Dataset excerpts
**********

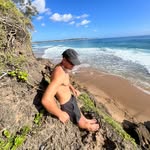 wadeo - @wade.sweetman - Instagram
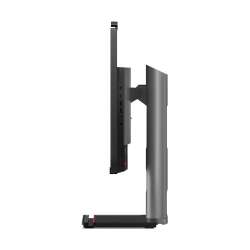 Lenovo ThinkCentre M90a Pro Gen 4 27" | i5-13500 | 16GB | 512GB SSD | Win 11 Pro | 3Y Onsite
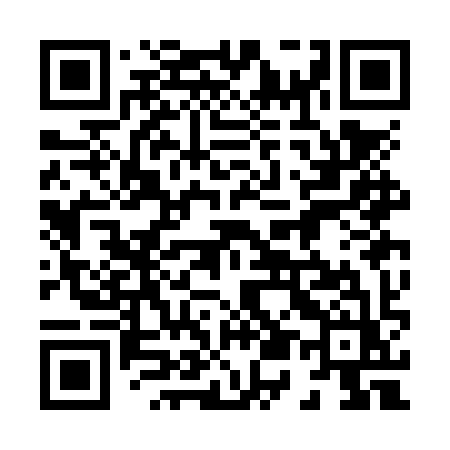 QR code for 853NYZ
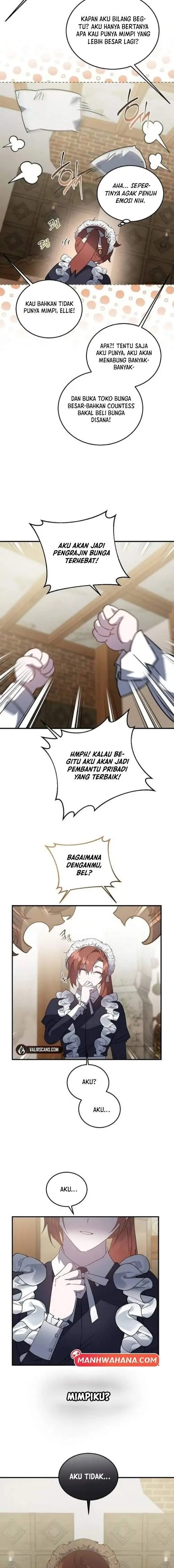 image-komik-a-revenge-guide-for-the-terminally-ill-maid-chapter-25-9/18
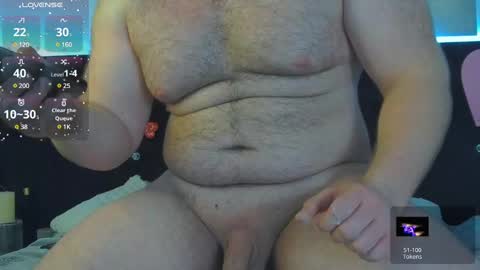 Snapshot of roddy_riss chatting on 02-08-25, 07:59 Roddy online show from 02-08-25, 07:59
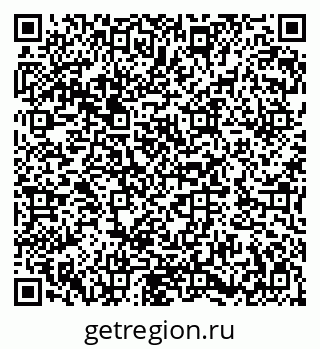 79282026105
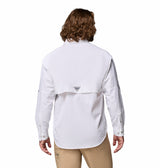 Camisa Manga Larga Hombre PFG Bahama™ II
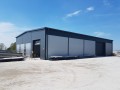 20170512_131052.jpg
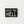 Give 'Em Hell Embroidered Iron-On Patch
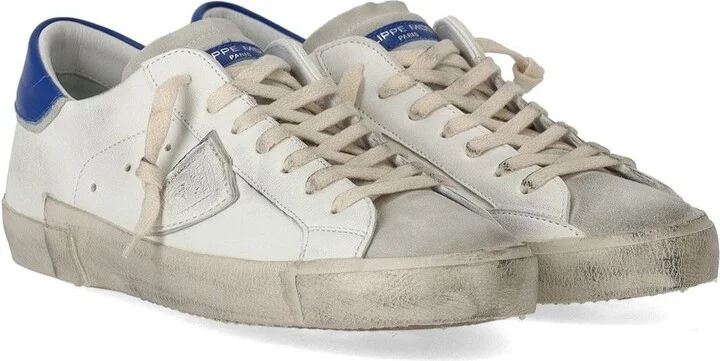 Philippe Model Sneakers - Image 8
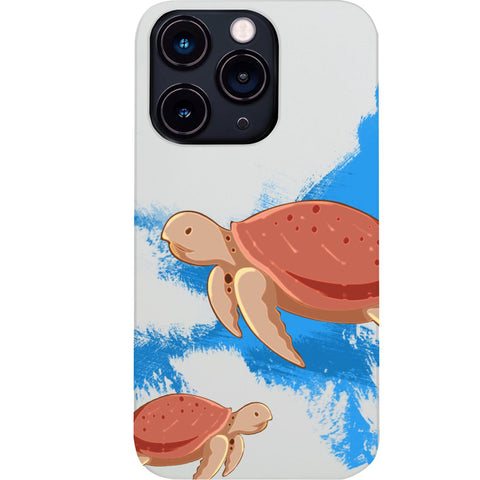 Swimming Turtle - UV Color Printed Phone Case for iPhone 15/iPhone 15 Plus/iPhone 15 Pro/iPhone 15 Pro Max/iPhone 14/
    iPhone 14 Plus/iPhone 14 Pro/iPhone 14 Pro Max/iPhone 13/iPhone 13 Mini/
    iPhone 13 Pro/iPhone 13 Pro Max/iPhone 12 Mini/iPhone 12/
    iPhone 12 Pro Max/iPhone 11/iPhone 11 Pro/iPhone 11 Pro Max/iPhone X/Xs Universal/iPhone XR/iPhone Xs Max/
    Samsung S23/Samsung S23 Plus/Samsung S23 Ultra/Samsung S22/Samsung S22 Plus/Samsung S22 Ultra/Samsung S21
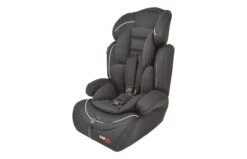 Carkids Kinder Zitje CK Isofix 14 Carkids Kinder Zitje CK Isofix -Buitenspeelgoed Winkel 1d242fdc2833700393ab18865e36132aaf9a31a4f509d236d120440f3ad442bd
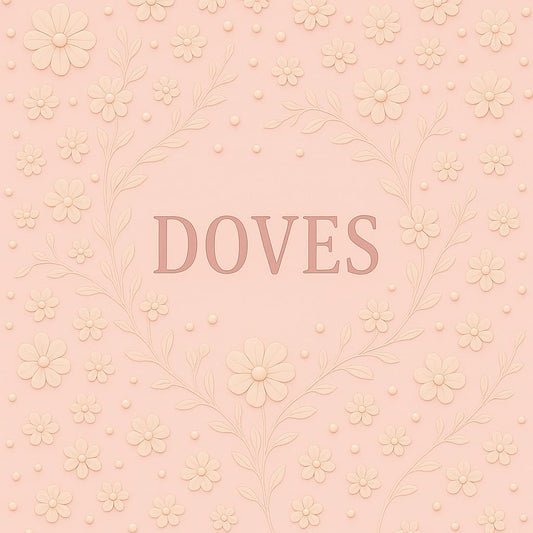 Doves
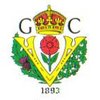 Victoria Golf Club Logo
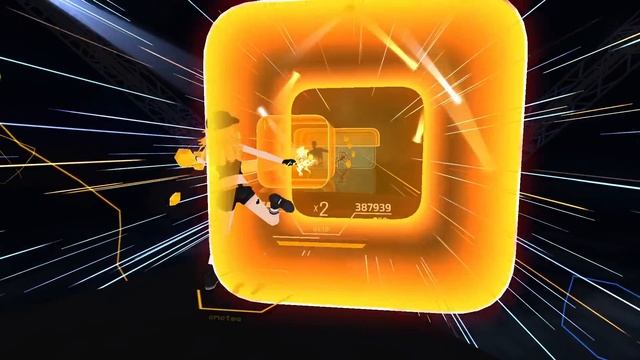 OhShape - Tyler Fiore - Radio Love смотреть онлайн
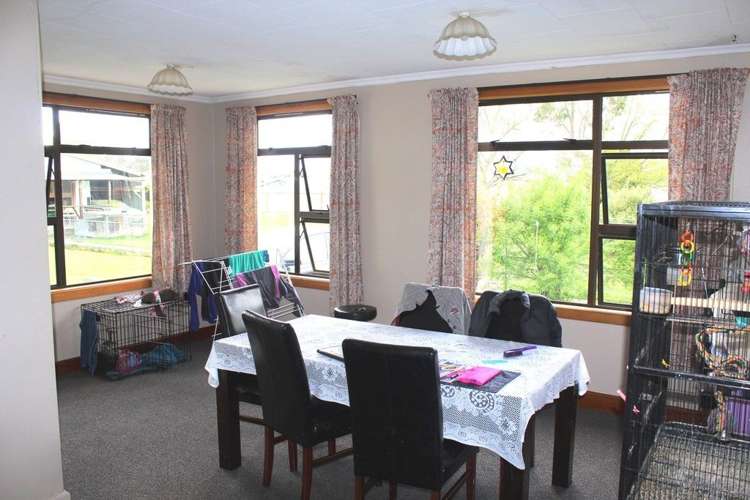 67 York Road Riversdale_8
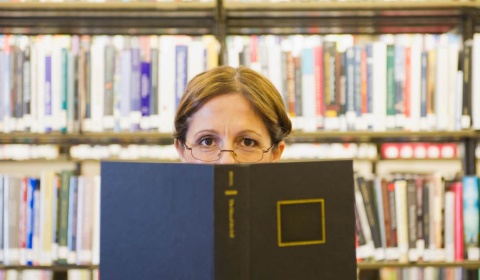 Curso de formación para bibliotecarios barriales de la ciudad de Salta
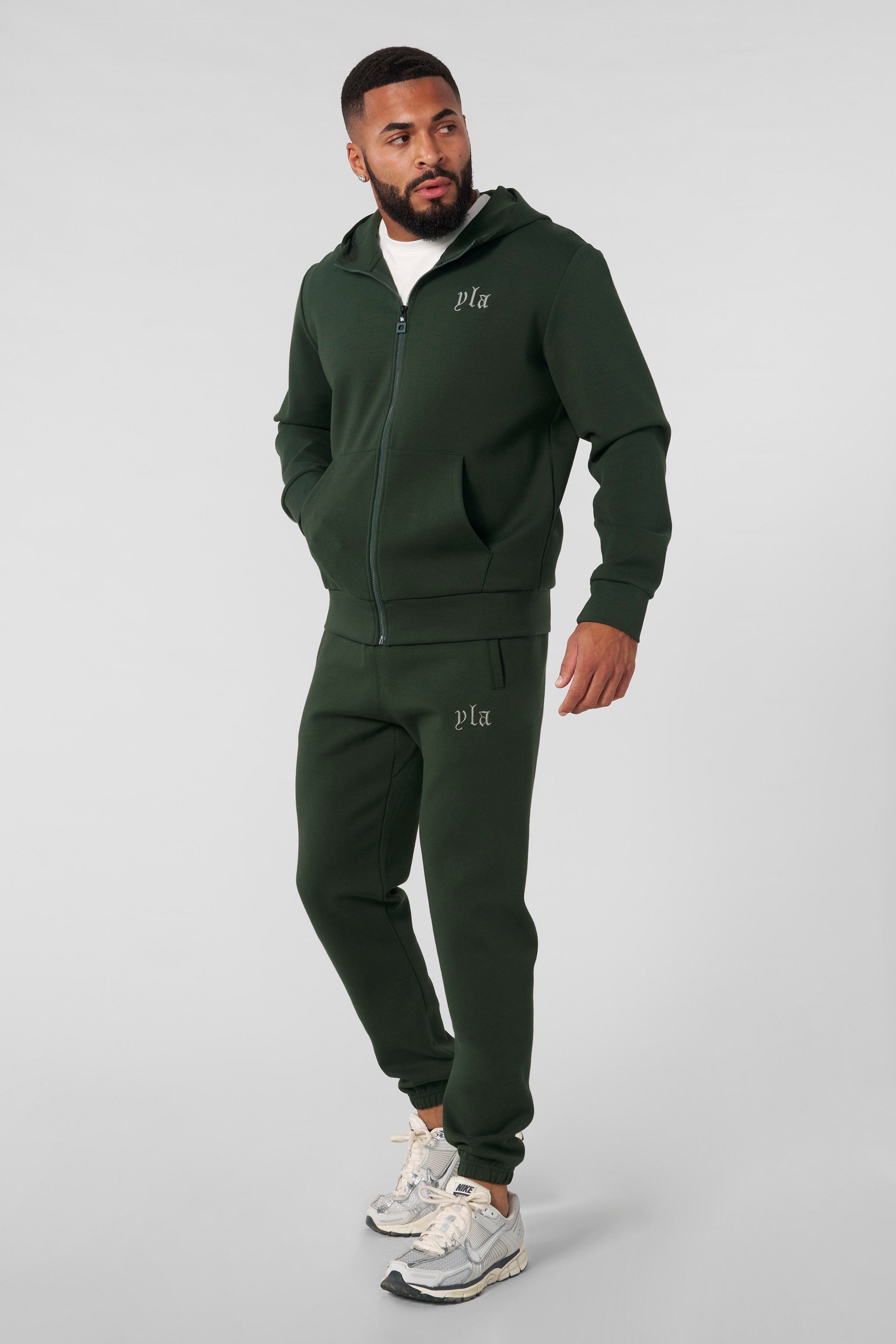 2014 - Cozy Set - Joggers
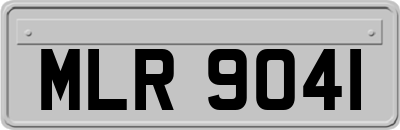 MLR9041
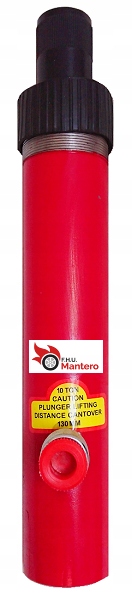 SILOWNIK HYDRAULICZNY 10T ROZPIERAK PRASA 10T TON Producent code MA00045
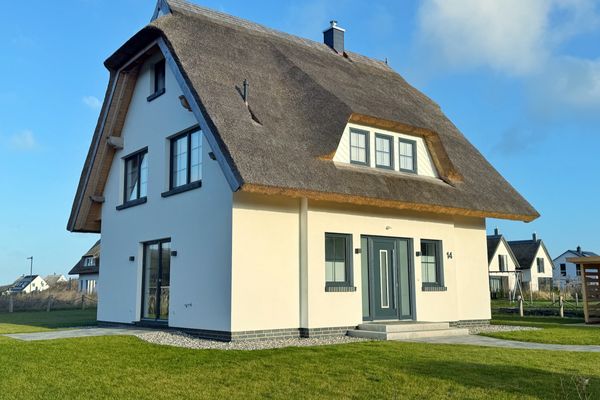 Hauptansicht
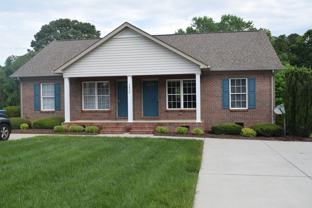 Hollar Duplex Longview - Photo 1 of 1
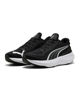 Immagine di PUMA - SCARPA DA CORSA SCEND PRO 2 NERA DA UOMO 310779-01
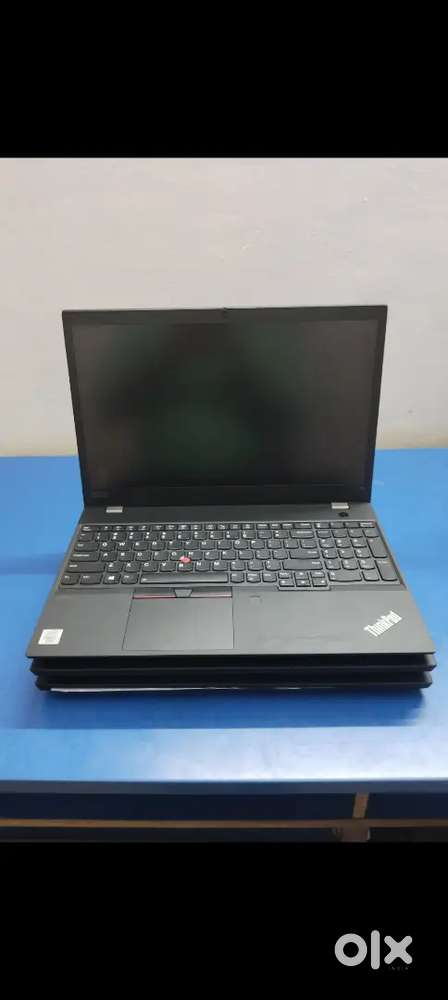 Hp Elite,Dell latitude,Lenovo ThinkPad Laptops 10k to 40k Virugambakam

**********

Task statement
What you return should match the records above word for word, minus the pictures.

Solution
 wadeo - @wade.sweetman - Instagram
 Lenovo ThinkCentre M90a Pro Gen 4 27" | i5-13500 | 16GB | 512GB SSD | Win 11 Pro | 3Y Onsite
 QR code for 853NYZ
 image-komik-a-revenge-guide-for-the-terminally-ill-maid-chapter-25-9/18
 Snapshot of roddy_riss chatting on 02-08-25, 07:59 Roddy online show from 02-08-25, 07:59
 79282026105
 Camisa Manga Larga Hombre PFG Bahama™ II
 20170512_131052.jpg
 Give 'Em Hell Embroidered Iron-On Patch
 Philippe Model Sneakers - Image 8
 Swimming Turtle - UV Color Printed Phone Case for iPhone 15/iPhone 15 Plus/iPhone 15 Pro/iPhone 15 Pro Max/iPhone 14/
    iPhone 14 Plus/iPhone 14 Pro/iPhone 14 Pro Max/iPhone 13/iPhone 13 Mini/
    iPhone 13 Pro/iPhone 13 Pro Max/iPhone 12 Mini/iPhone 12/
    iPhone 12 Pro Max/iPhone 11/iPhone 11 Pro/iPhone 11 Pro Max/iPhone X/Xs Universal/iPhone XR/iPhone Xs Max/
    Samsung S23/Samsung S23 Plus/Samsung S23 Ultra/Samsung S22/Samsung S22 Plus/Samsung S22 Ultra/Samsung S21
 Carkids Kinder Zitje CK Isofix 14 Carkids Kinder Zitje CK Isofix -Buitenspeelgoed Winkel 1d242fdc2833700393ab18865e36132aaf9a31a4f509d236d120440f3ad442bd
 Doves
 Victoria Golf Club Logo
 OhShape - Tyler Fiore - Radio Love смотреть онлайн
 67 York Road Riversdale_8
 Curso de formación para bibliotecarios barriales de la ciudad de Salta
 2014 - Cozy Set - Joggers
 MLR9041
 SILOWNIK HYDRAULICZNY 10T ROZPIERAK PRASA 10T TON Producent code MA00045
 Hauptansicht
 Hollar Duplex Longview - Photo 1 of 1
 Immagine di PUMA - SCARPA DA CORSA SCEND PRO 2 NERA DA UOMO 310779-01
 Hp Elite,Dell latitude,Lenovo ThinkPad Laptops 10k to 40k Virugambakam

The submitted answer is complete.